Under the plan, broadband service providers will issue a series of up to six electronic alerts, notifying a subscriber that his or her account may have been misused for online content theft of movies, TV shows or music. It also will put in place a system of "mitigation measures" intended to stop online content theft on those accounts that "appear persistently to fail to respond to repeated Copyright Alerts," according to the CAS coalition.
The alerting system does not, "in any circumstance, require the ISP to terminate an Internet subscriber's account," the coalition said.
The "mitigation measures" -- which are not mandatory -- may include temporary reduction of Internet speeds, or redirection to a landing page notifying the subscriber to contact the ISP.
The system will let subscribers appeal for an independent review to determine whether the online activity in question is lawful or if their account was identified in error. The CAS coalition said the agreement establishes no new laws or regulations and that ISPs will not provide their subscribers' names to rights' holders under the alerting system.

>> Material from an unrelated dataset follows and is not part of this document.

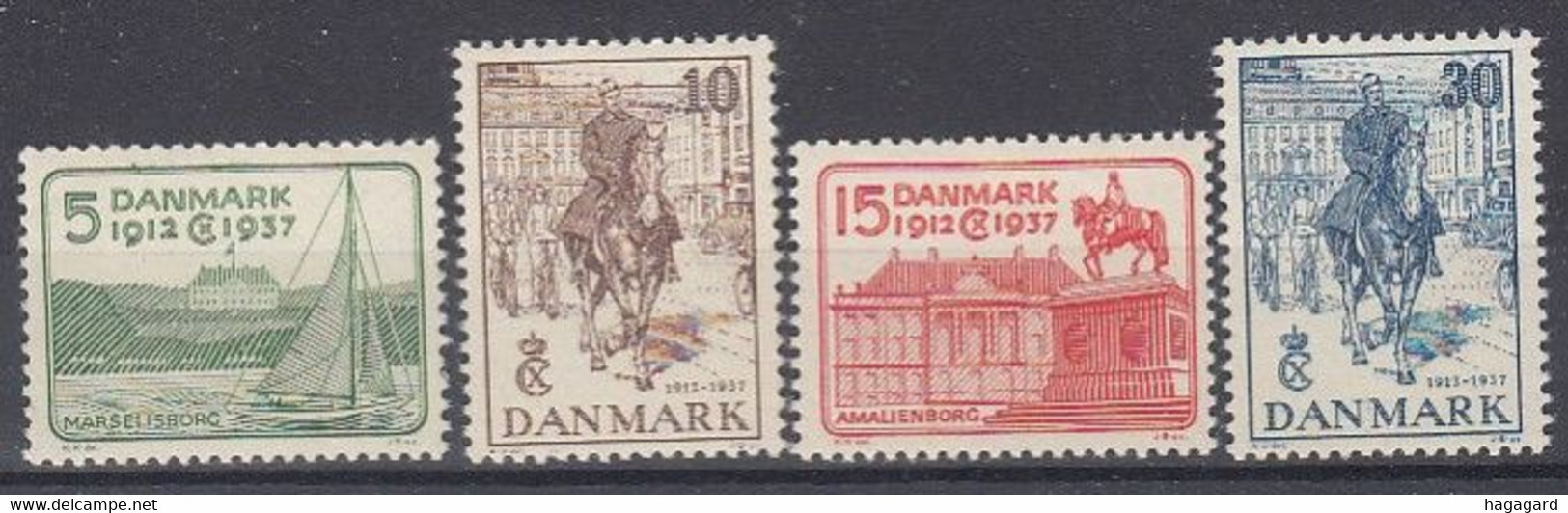 B1930. Denmark 1937. Michel 237-40. MNH(**) - Airmail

The Center for Democracy & Technology and Public Knowledge were supportive of the initiative.
"Today's agreement has the potential to be an important educational vehicle that will help reduce online copyright infringement," the groups said in a joint statement. "A voluntary, notification-centric approach can sidestep many of the serious concerns that would be raised by government mandates, the adoption of new snooping or filtering technologies, or a draconian 'three strikes' approach centered on disconnecting Internet users."
The groups and companies behind the Copyright Alert System pointed to a 2007 study by the Institute for Policy Innovation that found content theft costs the U.S. economy annually more than 373,000 jobs, $16 billion in lost earnings, and $3 billion in lost federal, state and local government tax revenue.
The CAS members called out New York Gov. Andrew Cuomo for "his deep involvement and personal efforts" as attorney general of the State of New York to bring the parties together.
Currently, ISPs notify subscribers about alleged content theft but there has been no industry-wide standard for doing so. In addition to the warning system, the agreement also establishes a Center for Copyright Information to support implementation of the system and educate consumers about the importance of copyright.
"This groundbreaking agreement ushers in a new day and a fresh approach to addressing the digital theft of copyrighted works," RIAA president Cary Sherman said in a statement. "We hope that it signals a new era in which all of us in the technology and entertainment value chain work collaboratively to make the Internet a more safe and legal experience for users."
The Copyright Alert System members emphasized that many times subscribers -- particularly parents -- aren't aware that their Internet accounts are being used for piracy. Once they're notified of the issue, most broadband subscribers will take steps to ensure the theft doesn't happen again, the companies said.
The approach addresses online piracy in a way "that respects the privacy and rights of our subscribers," according to Verizon general counsel Randal Milch. The effort is "designed to notify and educate customers, not to penalize them," he added.
Both the Center for Copyright Information and the Copyright Alert System are voluntary collaborations among the companies involved, the coalition noted. Additional materials on CAS are available at www.copyrightinformation.org.
Also voicing support for the initiative was Arts+Labs, an antipiracy group whose members include the American Society of Composers, Authors and Publishers (ASCAP), AT&T, BMI, Cisco Systems, Microsoft, NBC Universal, Songwriters Guild of America, Verizon and Viacom.
"Sharing information as outlined in the Copyright Alert System provides consumers with the opportunity to better control their online experience and to support the continued creation of the online content they enjoy," the group said. "We believe this partnership is an important action against online theft that threatens the continued creation of quality content and could undermine all users' online experience."
-- John Eggerton contributed to this article.